Turkey, where social networks are regime’s new guard dogs

Turkey’s iron-hand ruler Recep Tayyip Erdoğan and his Justice and Development Party (AKP) have been enjoying an incontestable power which gradually converts itself to an autocratic regime. The roots of AKP’s unshakeable reign are widely debated; it could be the traditional rural Turkish culture, the religion, the sustainable poverty neatly imposed on the society and turning an entire nation into a charity case, or all of the above… However one aspect of Turkey’s Islamist-conservative regime is rather overlooked; its dependence on social networks.

AKP considers itself to be a descendant of both Adnan Menderes’s Democrat Party of the 1950’s and Necmettin Erbakan’s National Viewpoint movement of the 1970’s to the 90’s. The party indubitably inherits most of its populist and conservative tendencies from these two political movements; however more crucially, it happens to own the social networks consolidated by these two against the army-backed Kemalist state for decades. These networks are composed of all walks of traditional rural life; from poor villagers to rich landowners turned into businessmen (aka. Anatolian Tigers) mostly by reappropriating wealth of non-Muslim bourgeoisie “cleansed off” the Anatolian territory. These networks of Anatolian Tigers has been existant for decades, however it was AKP who replaced them with their secular rivals dominating the market. As a matter of fact, AKP integrated these networks into the public-private joint capital so irreversibly that the system could never work properly without these networks and the party-state coordinating them. A project called Mülksüzleştirme Ağları / Networks of Dispossession based on Graph Commons network mapping tool, aims to visualize these networks.
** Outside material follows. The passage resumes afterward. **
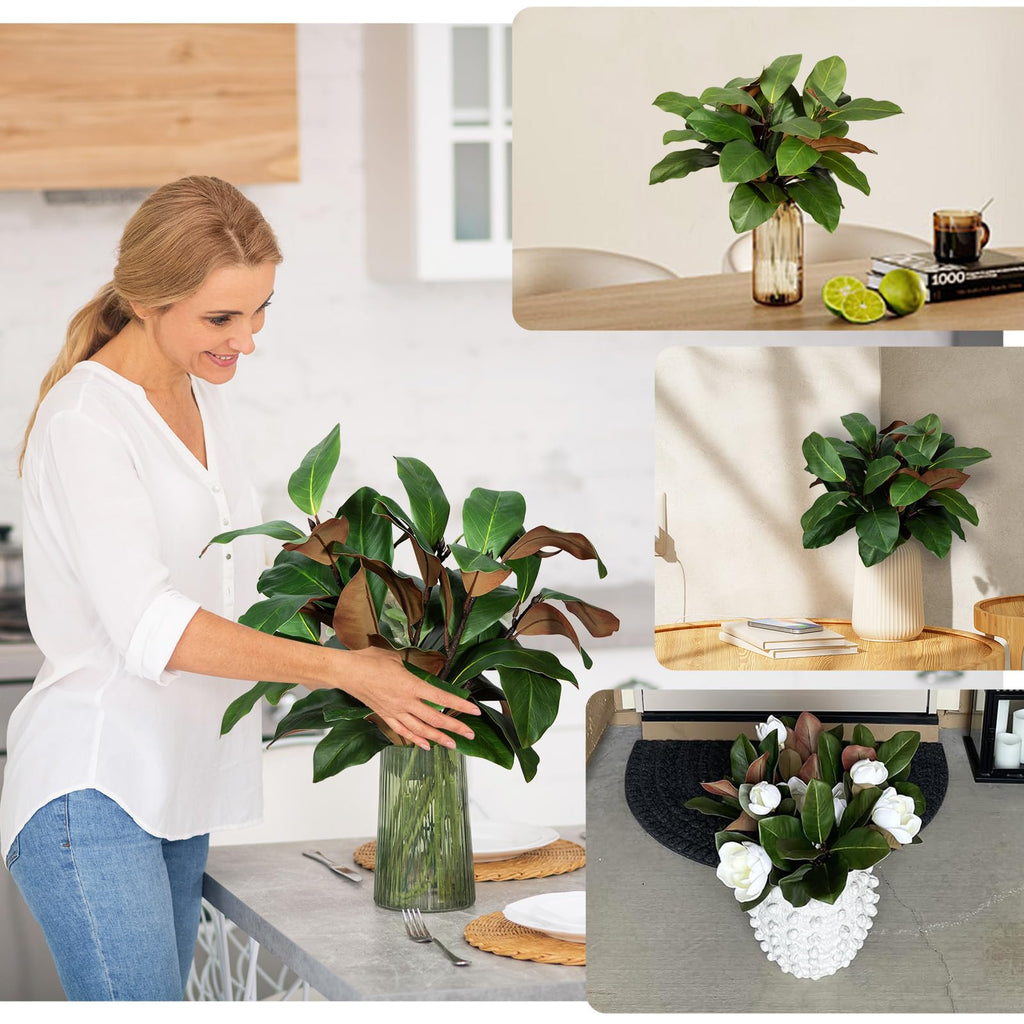 Artificial Magnolia Leaves Branches Fake Greenery Leaf Faux Magnolia Stems Leaves for Indoor Outdoor Vase Home Office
Welcome to the “the Academy of New Turkey”

However, business networks are not the only constituents of AKP’s thinly-veiled autocracy. The party has 8,5 million members, which is equal to around 72% of total party membership in Turkey. There are also an innumerable amount of religious and cultural associations close to the party or directly to the Erdoğan family, the İmam Hatip schools supposedly aiming to satisfy the clergy need of the country but rather create the “religious generation” Erdoğan proudly announced that they raised. Comparing to its rivals, AKP is hardly a political party but a society within, which sets its sights on replacing the core of Turkish society permanently.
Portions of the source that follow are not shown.